In [70]:
import pandas as pd
import geopandas as gpd
from shapely.geometry import Point

### read CSV
property_file_path = '..data/curated/property/property 2.csv'
property_data = pd.read_csv(property_file_path)

property_data['geometry'] = property_data.apply(lambda row: Point(row['longitude'], row['latitude']), axis=1)
property_gdf = gpd.GeoDataFrame(property_data, geometry='geometry', crs='EPSG:4326')

### SA2 layer
file_path = '../data/extracted_files/G01_VIC_GDA2020.gpkg'
gdf_sa2 = gpd.read_file(file_path, layer='G01_SA2_2021_VIC')
gdf_sa2 = gdf_sa2.to_crs(epsg=4326)
merged_gdf = gpd.sjoin(property_gdf, gdf_sa2[['SA2_CODE_2021', 'SA2_NAME_2021', 'geometry']], how='left', op='within')

### save
output_file_path = '../data/raw/property/merged_property_sa2_data.csv'
merged_gdf.drop_duplicates(subset='address', inplace=True)
merged_gdf[['address', 'SA2_CODE_2021', 'SA2_NAME_2021']].to_csv(output_file_path, index=False)
print('saved')

saved


  if await self.run_code(code, result, async_=asy):


In [71]:
import pandas as pd

# read all files 
property_file = '..data/curated/property/property 2.csv'
police_stations_file = '../data/curated/external/API/2/closest_supermarkets_distance_final_2.csv'
schools_file = '../data/curated/external/API/2/closest_school_distance_final_2.csv'
stations_file = '../data/curated/external/API/2/closest_stations_distance_final_2.csv'
supermarkets_file = '../data/curated/external/API/2/closest_supermarket_distance_final_2.csv.csv'
cbd_file = '../data/curated/external/API/2/closest_cbd_distance_final_2.csv'
gym_file = '../data/curated/external/API/2/closest_gym_distance_final_2.csv'
library_file = '../data/curated/external/API/2/closest_library_distance_final_2.csv'
new_merged_file = '../data/raw/property/merged_property_sa2_data.csv'

property_df = pd.read_csv(property_file)
police_df = pd.read_csv(police_stations_file)
schools_df = pd.read_csv(schools_file)
stations_df = pd.read_csv(stations_file)
supermarkets_df = pd.read_csv(supermarkets_file)
cbd_df = pd.read_csv(cbd_file)
gym_df = pd.read_csv(gym_file)
library_df = pd.read_csv(library_file)
new_merged_df = pd.read_csv(new_merged_file)
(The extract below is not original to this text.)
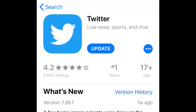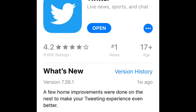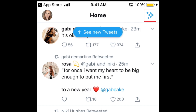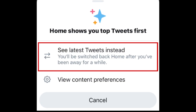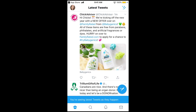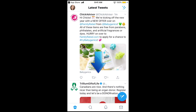First, make sure you've updated your Twitter app to the newest available version. When you open Twitter, you'll see a new icon in the top right corner. From the pop-up at the bottom, select 'See Latest Tweets' instead. This will switch you back to having a chronological timeline. Refresh your feed by swiping downwards from the top, and you'll see the newest tweets from accounts you follow.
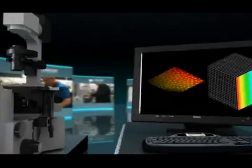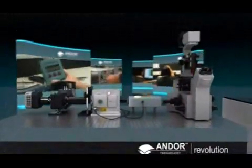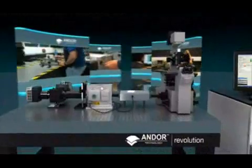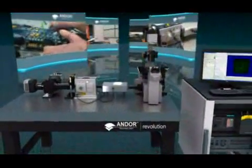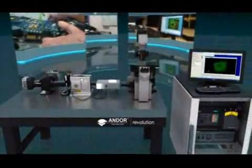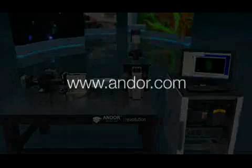Revolution systems provide the best in Confocal, TIRF and FRAP laser microscopy for live cell imaging. Discover new ways of seeing and visit www.andor.com to find out more.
# Rename all 'rent_address' columns 'address'
dfs = [police_df, schools_df, stations_df, supermarkets_df, cbd_df, gym_df,library_df]
for df in dfs:
    df.rename(columns={'rent_address': 'address'}, inplace=True)

police_df.rename(columns={'minimum_distance_police_station': 'minimum_distance_police'}, inplace=True)

# Merge all data into the property data in turn, using 'rent_address' as the merge key
merged_df = property_df.merge(police_df, on='address', how='left')
merged_df = merged_df.merge(schools_df, on='address', how='left')
merged_df = merged_df.merge(stations_df, on='address', how='left')
merged_df = merged_df.merge(supermarkets_df, on='address', how='left')
merged_df = merged_df.merge(cbd_df, on='address', how='left')
merged_df = merged_df.merge(gym_df, on='address', how='left')
merged_df = merged_df.merge(library_df, on='address', how='left')

# Merge the newly uploaded data with the previously merged results
merged_df = new_merged_df.merge(merged_df, on='address', how='left')

# Delete the 'Unnamed: 0' and 'agentName' columns
merged_df.drop(columns=['Unnamed: 0', 'agentName'], inplace=True)

# Remove the column containing the 'unknown' value
merged_df = merged_df.loc[:, ~(merged_df == 'unknown').any()]


In [72]:
sa2_file = '../data/curated/external/SA2/sa2final.csv'
sa2_df = pd.read_csv(sa2_file)

# Rename the 'sa2code' column 'SA2_CODE_2021' for merging
sa2_df.rename(columns={'SA2 code': 'SA2_CODE_2021'}, inplace=True)
# Merge as per column 'SA2_CODE_2021'
merged_df = pd.merge(merged_df, sa2_df, on='SA2_CODE_2021', how='left')

In [None]:
price_post = pd.read_csv('../data/curated/external/unique_postcode_price.csv')
uni_school = pd.read_csv('../data/raw/external/school/postcode_school.csv')

unique_price_df = pd.read_csv(price_post)
postcode_school_df = pd.read_csv(uni_school)

# Rename the 'Address_Postcode' column to 'postcode' for merge
postcode_school_df.rename(columns={'Address_Postcode': 'postcode'}, inplace=True)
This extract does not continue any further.